# Do I need more lighting now that I have live plants?



## Jarryd330 (Sep 14, 2011)

I have one 24" 50/50 bulb in my 40 gallon. Is this enough to make my plants grow properly? I finally found a few that my fish wont dig up so I'm trying to keep them alive.


----------



## prov356 (Sep 20, 2006)

Depends on the plant. Some are low light tolerant. I can grow java moss under just about anything.


----------



## nodima (Oct 3, 2002)

It really depends on the plant, but if you have a standard florescent bulb, you have very low light, and most planted tanks use full daylight bulbs rather than 50/50 style, as the daylight bulbs promote better plant growth.

Not sure if this is kosher or not, but there are several good planted tank sites online - www.plantedtank.net, www.aquaticplantcentral.com are two that have entire forums dedicated to lighting questions.

Keeping plants alive is a lot different than growing them, and a fully planted tank is pretty close to as challenging as a SW reef tank, but it is very rewarding.


----------



## Jarryd330 (Sep 14, 2011)

I was thinking of stepping up to a longer setup with 2 bulbs instead of one. Was going to run a daylight bulb and an actinic(sp?) bulb to get the same coloring in the tank but give the plants the light they need.


----------



## Jarryd330 (Sep 14, 2011)

Would 4 36" bulbs be way too much? I think it's 160 something watts.


----------



## nodima (Oct 3, 2002)

Possibly too much - too many factors to say one way or the other. Are the bulbs T5, T8 or T12? Are there good reflectors on the fixture? Is the tank going to be densely planted? Are you using CO2? A lot of planted tank people use high light, but with a relatively short period where all bulbs are on.
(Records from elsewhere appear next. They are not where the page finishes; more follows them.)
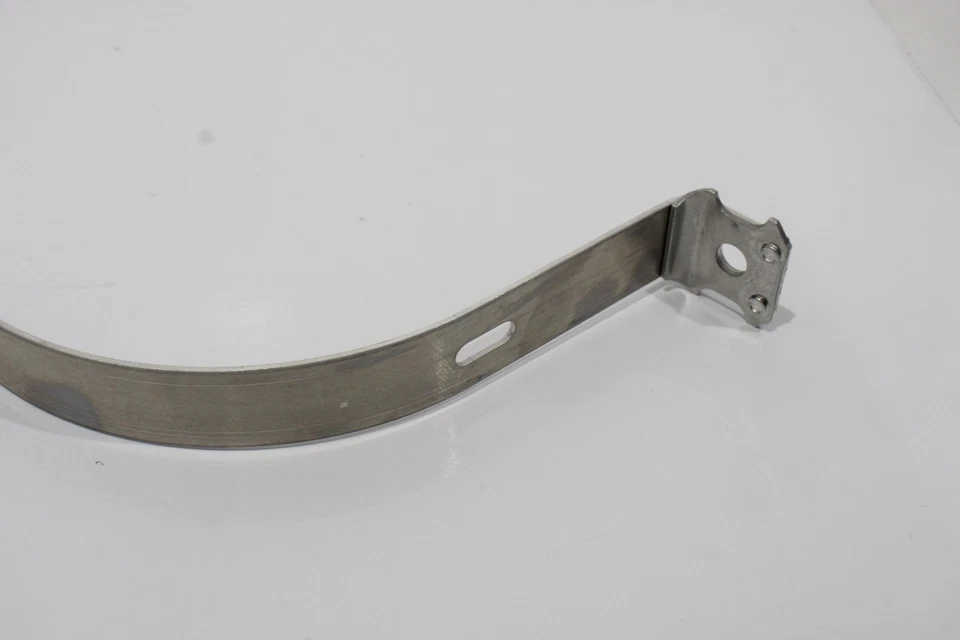 Par de correas de retención para tanque de combustible Audi RS4 Cabriolet 8H B7 Quattro nuevas genuinas Foto 3 de 4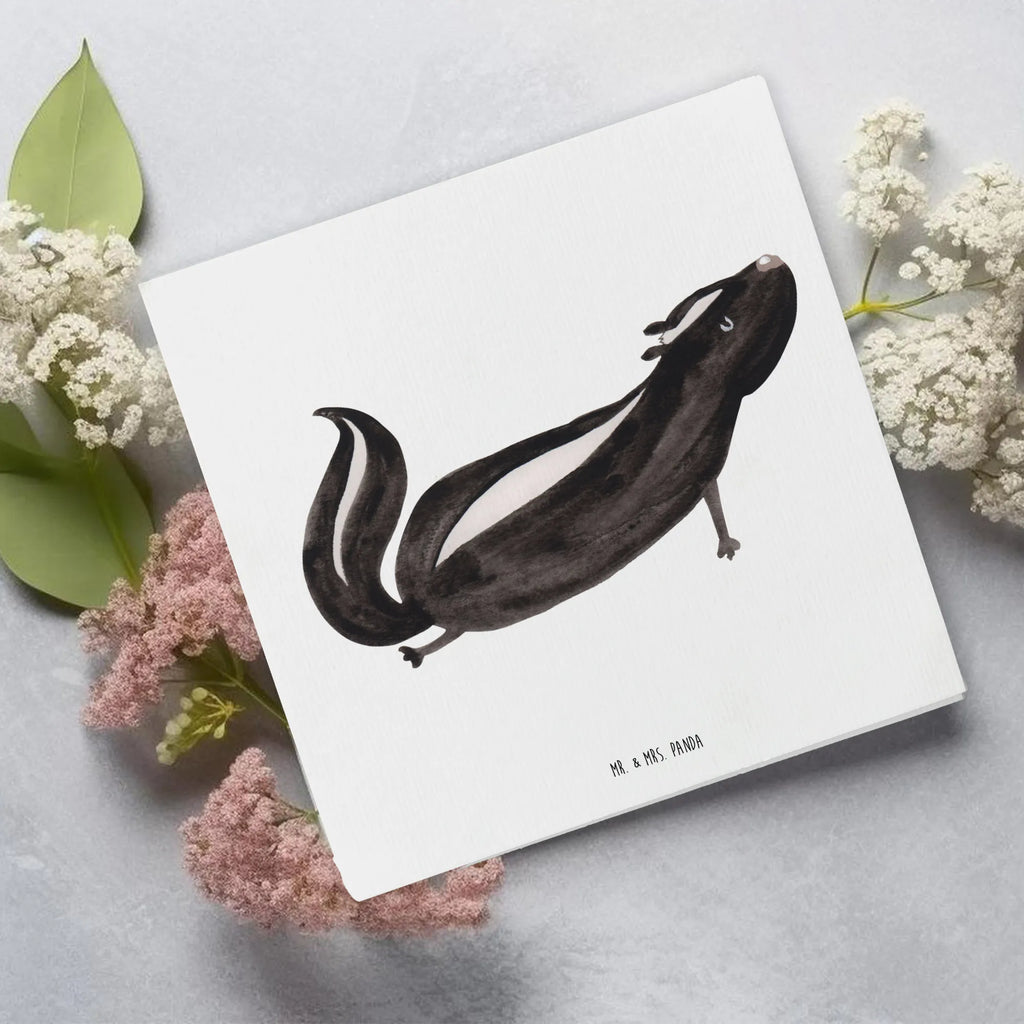Deluxe Card skunk yoga Glückwunschkarte, doppelkarte, faltkarte, Klappkarte, Grußkarte, anlasskarte, Stinktier, Skunk, Lebe, Stinki, Yoga, Liebe, Lache, Namaste, Wildtier, Raubtier, Stinker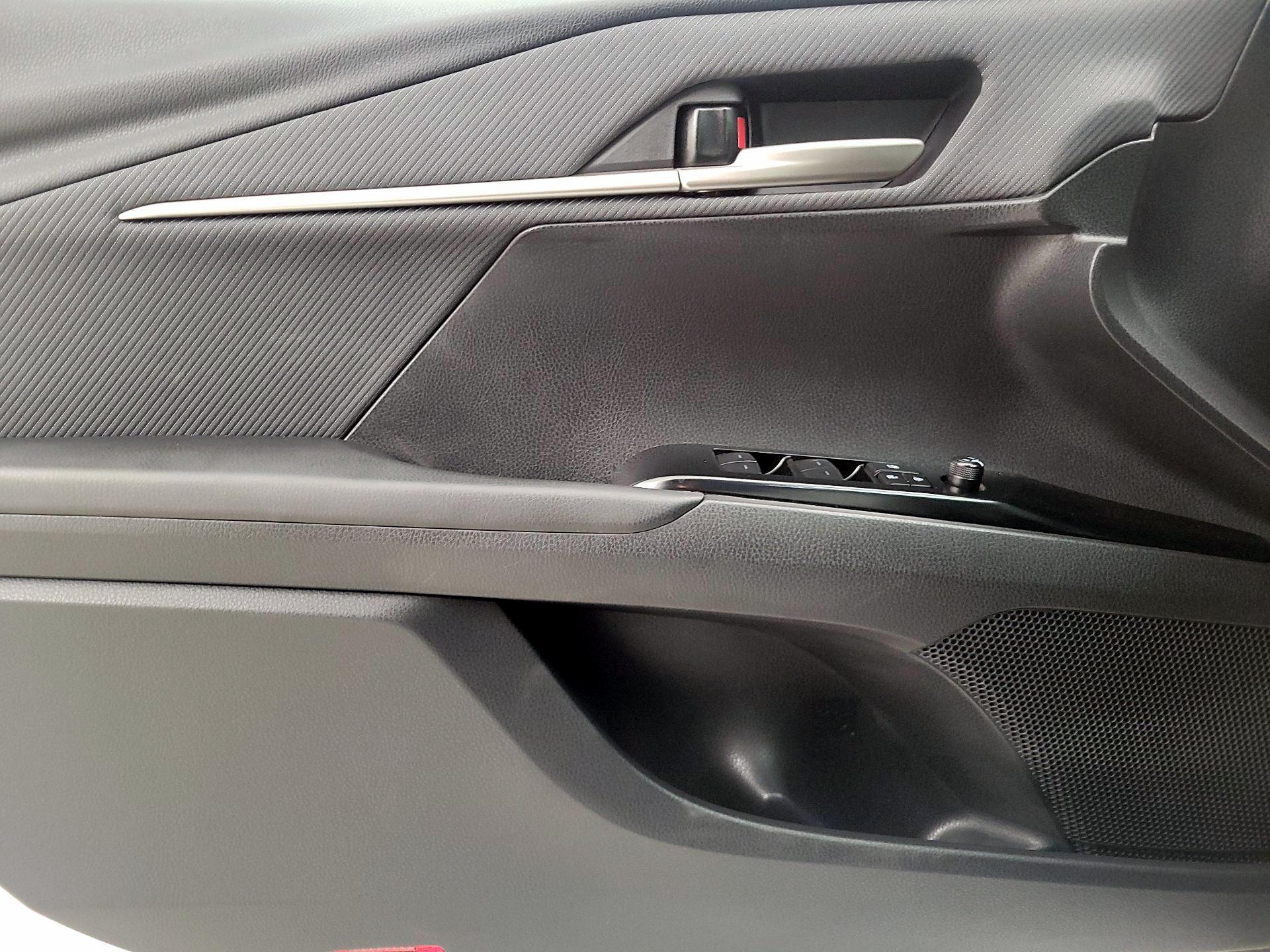 Thumbnail: 2025 Toyota Camry - 12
Just as I would not expect to get solid Cichlid answers on a planted tank forum, I would not expect to get solid planted tank answers on a Cichlid forum...

(I know that there are folks who do both)


----------



## prov356 (Sep 20, 2006)

> I would not expect to get solid planted tank answers on a Cichlid forum...


Oh, there are some pretty knowledgable people here, be kind. 

I'm still waiting for the list of plants you want to keep, Jarryd330. No way to answer the question without knowing that.


----------



## nodima (Oct 3, 2002)

prov356 said:


> > I would not expect to get solid planted tank answers on a Cichlid forum...
> 
> 
> Oh, there are some pretty knowledgable people here, be kind.


I agree with that - the point is that questions are likely to get a lot more answers which allows the OP to be better informed as to what to do. I don't mean to be unkind or belabor the point. :thumb:

Knowing the plants would also be a help as you point out.


----------



## Jarryd330 (Sep 14, 2011)

I can't remember what everything is called. Some kind of fern but not java, some kind of grass, and one other that I had to tie together with a little metal clip to keep it on the bottom. I finally got them to quit eating everything.


----------



## Jarryd330 (Sep 14, 2011)

Not a fern, an anubius(sp)


----------



## prov356 (Sep 20, 2006)

Do you have pics of the plants? The anubias does fine in low light, that much I can tell you.


----------



## chinds78 (Jun 22, 2011)

The reccomendation is 2-4 watts per gallon for most plants. Do some research on your species to see what they require. 4 bulbs might be a bit much.

This site sells plants, but they also have a lot of good info on many species...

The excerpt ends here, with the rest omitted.